Desk Set

This is the first year we have included this Hepburn-Tracy romantic comedy in our Christmas watchlist. In fact, I think it’s only the second time I have watched this film from start to finish. As we were looking for Christmas movies set in New York, I recalled that there is an office Christmas party in this film set in a large Manhattan company’s offices. It’s not a raucous or bawdy as the one in The Apartment, but it is still fun. The screenplay is by Phoebe and Henry Ephron, whose daughter Nora wrote When Harry Met Sally, one of our favorite NYC movies.

PLOT SUMMARY

Spencer Tracy is an efficiency expert who is apparently aiming to computerize a television network’s reference department led by Katharine Hepburn. Hepburn has been waiting for Gig Young to propose for several years as he climbs the company’s executive ladder, but while battling Tracy she is also strangely attracted. Once installed, the new computer system is no match for Hepburn and her staff, and all ends happily.

NEW YORK CONNECTION

The film is set in New York, with opening shots of Rockefeller Center.

CHRISTMAS CONNECTION

One of several films with Christmas office parties, which is a pivotal scene in the relationship between Hepburn and Tracy. The Rockefeller Center Christmas tree is shown while a chorus sings “Hark!

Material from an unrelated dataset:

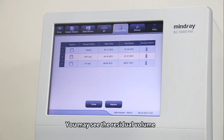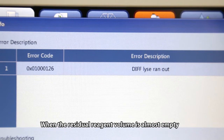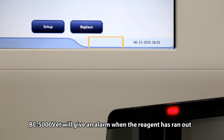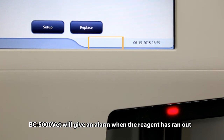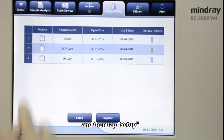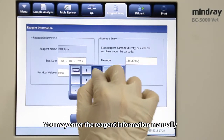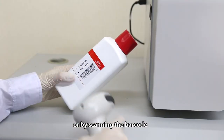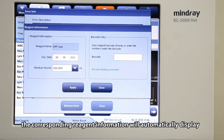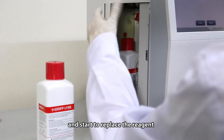You may see the residual volume of reagents on the software screen. When the residual reagent volume is almost empty, it will be highlighted in red. BC 5000 VET will give an alarm when the reagent has run out. Tap the reagent you want to replace and then tap Setup. You may enter the reagent information manually or by scanning the barcode. If the barcode is valid, the corresponding reagent information will automatically display. Tap Apply to save the expiration date and start to replace the reagent.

The Herald Angels Sing.” Can’t get more Christmasy than that.

CHARACTER ACTORS

Joan Blondell appears in Christmas Eve, another film on our Christmas in NY watchlist. Sue Randall is more familiar as the teacher Miss Landers in TV’s Leave It to Beaver. Ida Moore appears in Good Sam and The Lemon Drop Kid.

ASTAIRE CONNECTION

Henry and Phoebe Ephron wrote the screenplay for Fred Astaire’s Daddy Long Legs (1955). Interestingly, strains of “Something’s Gotta Give” (the old immovable object/irresistible force song by Johnny Mercer which was sung by Astaire in Daddy Long Legs) can be heard in Desk Set‘s closing scene.

WHY WE LOVE THIS MOVIE

There are many reasons to love any movie with Hepburn and Tracy, but this time we particularly enjoyed hearing the great Kate sing the introductory verse of Cole Porter’s “Night and Day” during the office Christmas party. That connected it to the first Christmas movie we watched this year, Lady on a Train, which featured Deanna Durbin singing it in a NY nightclub. And, of course, Fred Astaire was the first to sing that song in his final Broadway show, The Gay Divorce. (The film version’s title was changed to The Gay Divorcee).